◆ Record excerpts:
-.-.-
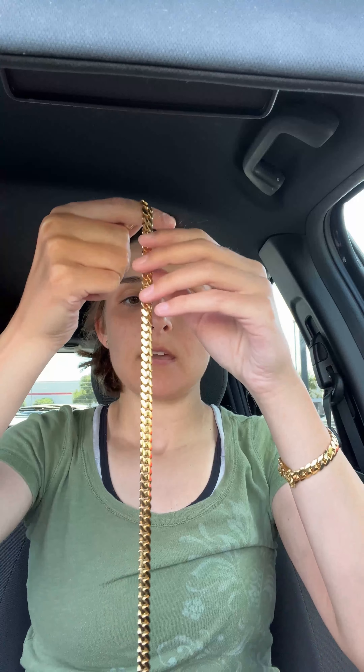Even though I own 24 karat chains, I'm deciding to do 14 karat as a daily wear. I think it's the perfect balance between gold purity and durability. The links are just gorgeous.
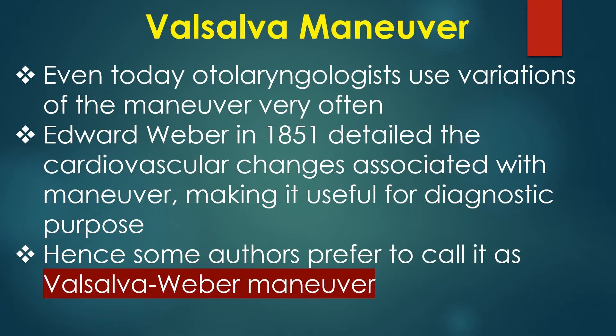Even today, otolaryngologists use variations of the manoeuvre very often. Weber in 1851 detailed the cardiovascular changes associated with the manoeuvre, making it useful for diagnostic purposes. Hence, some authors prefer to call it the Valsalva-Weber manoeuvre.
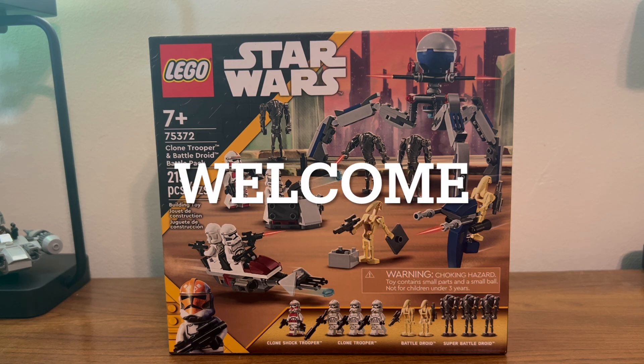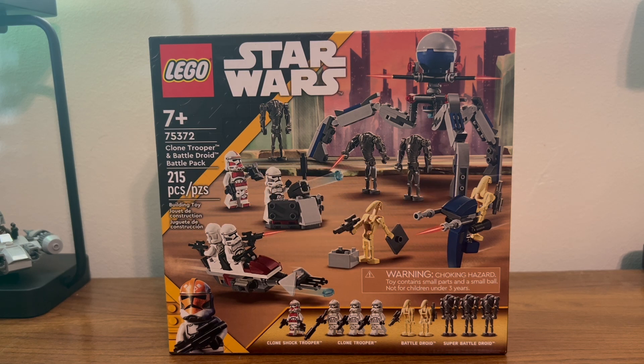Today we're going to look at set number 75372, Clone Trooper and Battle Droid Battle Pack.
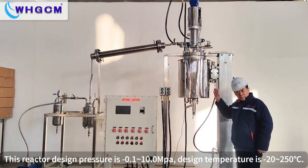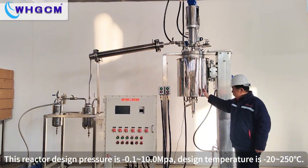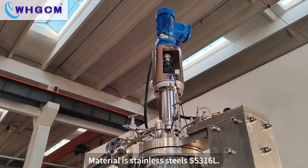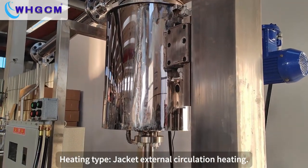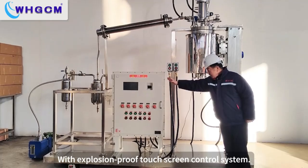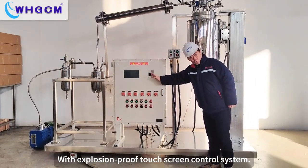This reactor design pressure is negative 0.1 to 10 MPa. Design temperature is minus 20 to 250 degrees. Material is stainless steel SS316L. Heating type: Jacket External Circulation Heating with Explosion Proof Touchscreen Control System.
-.-.-
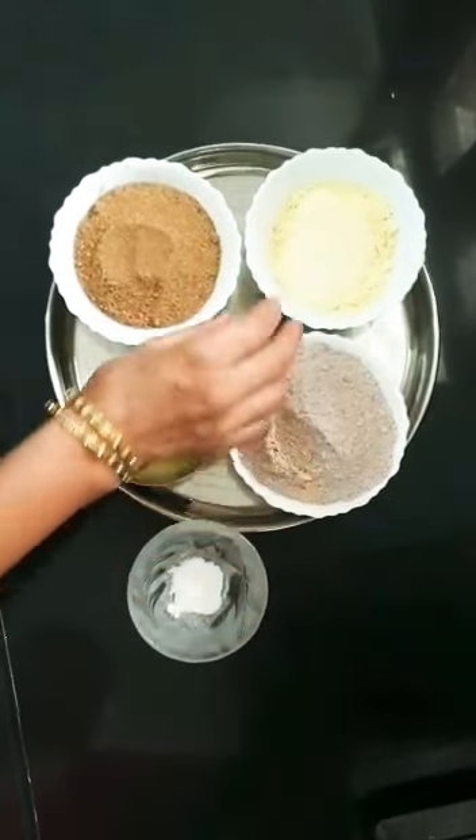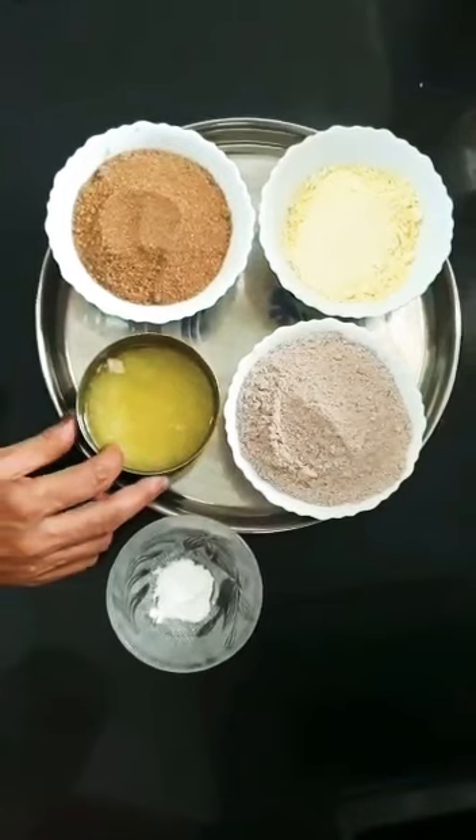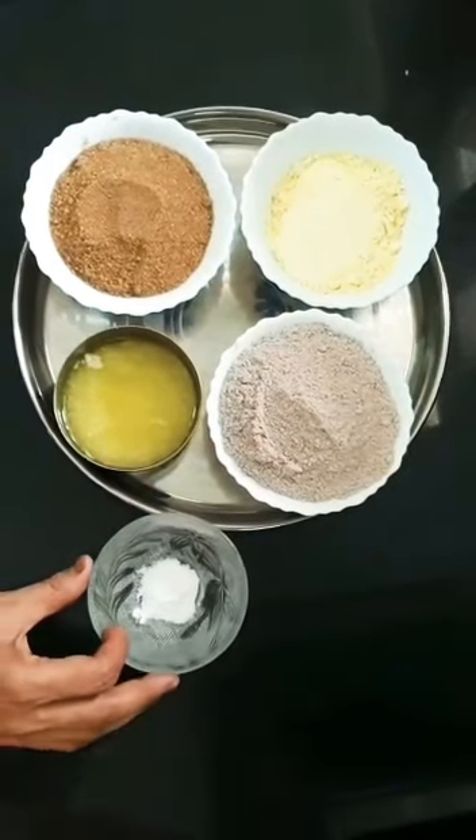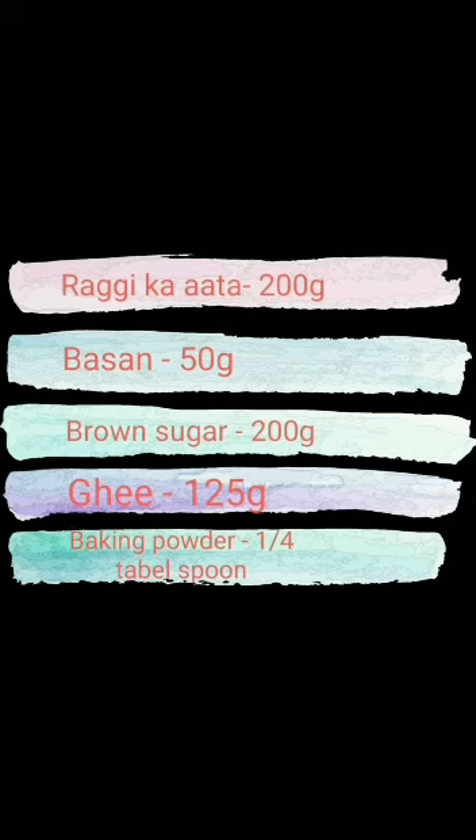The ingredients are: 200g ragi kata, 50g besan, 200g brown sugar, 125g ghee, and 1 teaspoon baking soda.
-.-.-
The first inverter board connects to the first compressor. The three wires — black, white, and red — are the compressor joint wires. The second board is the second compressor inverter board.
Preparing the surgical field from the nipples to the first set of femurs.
-.-.-
◆ What the task asks: Answer with one number, namely how many lines in the records contain the string "first".

◆ Answer to the exercise: 2